BEGIN Entries supplied

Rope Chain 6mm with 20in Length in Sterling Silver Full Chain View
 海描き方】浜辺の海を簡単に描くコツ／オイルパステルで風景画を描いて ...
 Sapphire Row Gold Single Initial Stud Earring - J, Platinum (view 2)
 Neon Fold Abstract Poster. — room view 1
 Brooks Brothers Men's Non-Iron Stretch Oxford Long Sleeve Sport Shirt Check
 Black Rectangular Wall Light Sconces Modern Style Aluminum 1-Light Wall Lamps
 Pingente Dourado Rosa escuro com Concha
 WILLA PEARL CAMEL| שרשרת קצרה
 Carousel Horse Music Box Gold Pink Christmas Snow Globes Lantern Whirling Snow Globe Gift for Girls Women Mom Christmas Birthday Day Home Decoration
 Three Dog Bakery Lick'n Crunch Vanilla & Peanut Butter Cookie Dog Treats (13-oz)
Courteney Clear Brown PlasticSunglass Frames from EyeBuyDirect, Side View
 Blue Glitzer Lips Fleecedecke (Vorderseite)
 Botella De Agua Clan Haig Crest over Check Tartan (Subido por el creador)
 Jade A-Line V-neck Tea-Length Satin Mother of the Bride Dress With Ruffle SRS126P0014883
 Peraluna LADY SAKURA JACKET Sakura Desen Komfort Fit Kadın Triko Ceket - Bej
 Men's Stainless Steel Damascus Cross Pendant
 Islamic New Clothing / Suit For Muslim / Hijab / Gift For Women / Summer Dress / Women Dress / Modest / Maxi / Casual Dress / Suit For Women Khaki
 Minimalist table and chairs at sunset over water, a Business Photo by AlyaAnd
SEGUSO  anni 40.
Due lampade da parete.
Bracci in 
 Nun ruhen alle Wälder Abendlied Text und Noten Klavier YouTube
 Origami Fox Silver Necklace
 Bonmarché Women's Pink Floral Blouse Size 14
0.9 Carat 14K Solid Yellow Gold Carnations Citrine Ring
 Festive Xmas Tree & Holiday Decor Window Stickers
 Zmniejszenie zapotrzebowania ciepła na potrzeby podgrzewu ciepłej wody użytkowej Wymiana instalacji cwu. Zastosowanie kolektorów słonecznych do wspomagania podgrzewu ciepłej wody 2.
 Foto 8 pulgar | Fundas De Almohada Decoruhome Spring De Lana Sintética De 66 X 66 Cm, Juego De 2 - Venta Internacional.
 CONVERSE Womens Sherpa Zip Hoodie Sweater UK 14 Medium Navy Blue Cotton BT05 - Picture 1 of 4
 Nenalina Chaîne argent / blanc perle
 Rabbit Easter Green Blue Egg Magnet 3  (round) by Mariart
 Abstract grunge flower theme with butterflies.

END Entries supplied

### Problem to work on
Reproduce each entry from the records above, character for character.

### Exercise result
Rope Chain 6mm with 20in Length in Sterling Silver Full Chain View
 海描き方】浜辺の海を簡単に描くコツ／オイルパステルで風景画を描いて ...
 Sapphire Row Gold Single Initial Stud Earring - J, Platinum (view 2)
 Neon Fold Abstract Poster. — room view 1
 Brooks Brothers Men's Non-Iron Stretch Oxford Long Sleeve Sport Shirt Check
 Black Rectangular Wall Light Sconces Modern Style Aluminum 1-Light Wall Lamps
 Pingente Dourado Rosa escuro com Concha
 WILLA PEARL CAMEL| שרשרת קצרה
 Carousel Horse Music Box Gold Pink Christmas Snow Globes Lantern Whirling Snow Globe Gift for Girls Women Mom Christmas Birthday Day Home Decoration
 Three Dog Bakery Lick'n Crunch Vanilla & Peanut Butter Cookie Dog Treats (13-oz)
Courteney Clear Brown PlasticSunglass Frames from EyeBuyDirect, Side View
 Blue Glitzer Lips Fleecedecke (Vorderseite)
 Botella De Agua Clan Haig Crest over Check Tartan (Subido por el creador)
 Jade A-Line V-neck Tea-Length Satin Mother of the Bride Dress With Ruffle SRS126P0014883
 Peraluna LADY SAKURA JACKET Sakura Desen Komfort Fit Kadın Triko Ceket - Bej
 Men's Stainless Steel Damascus Cross Pendant
 Islamic New Clothing / Suit For Muslim / Hijab / Gift For Women / Summer Dress / Women Dress / Modest / Maxi / Casual Dress / Suit For Women Khaki
 Minimalist table and chairs at sunset over water, a Business Photo by AlyaAnd
SEGUSO  anni 40.
Due lampade da parete.
Bracci in 
 Nun ruhen alle Wälder Abendlied Text und Noten Klavier YouTube
 Origami Fox Silver Necklace
 Bonmarché Women's Pink Floral Blouse Size 14
0.9 Carat 14K Solid Yellow Gold Carnations Citrine Ring
 Festive Xmas Tree & Holiday Decor Window Stickers
 Zmniejszenie zapotrzebowania ciepła na potrzeby podgrzewu ciepłej wody użytkowej Wymiana instalacji cwu. Zastosowanie kolektorów słonecznych do wspomagania podgrzewu ciepłej wody 2.
 Foto 8 pulgar | Fundas De Almohada Decoruhome Spring De Lana Sintética De 66 X 66 Cm, Juego De 2 - Venta Internacional.
 CONVERSE Womens Sherpa Zip Hoodie Sweater UK 14 Medium Navy Blue Cotton BT05 - Picture 1 of 4
 Nenalina Chaîne argent / blanc perle
 Rabbit Easter Green Blue Egg Magnet 3  (round) by Mariart
 Abstract grunge flower theme with butterflies.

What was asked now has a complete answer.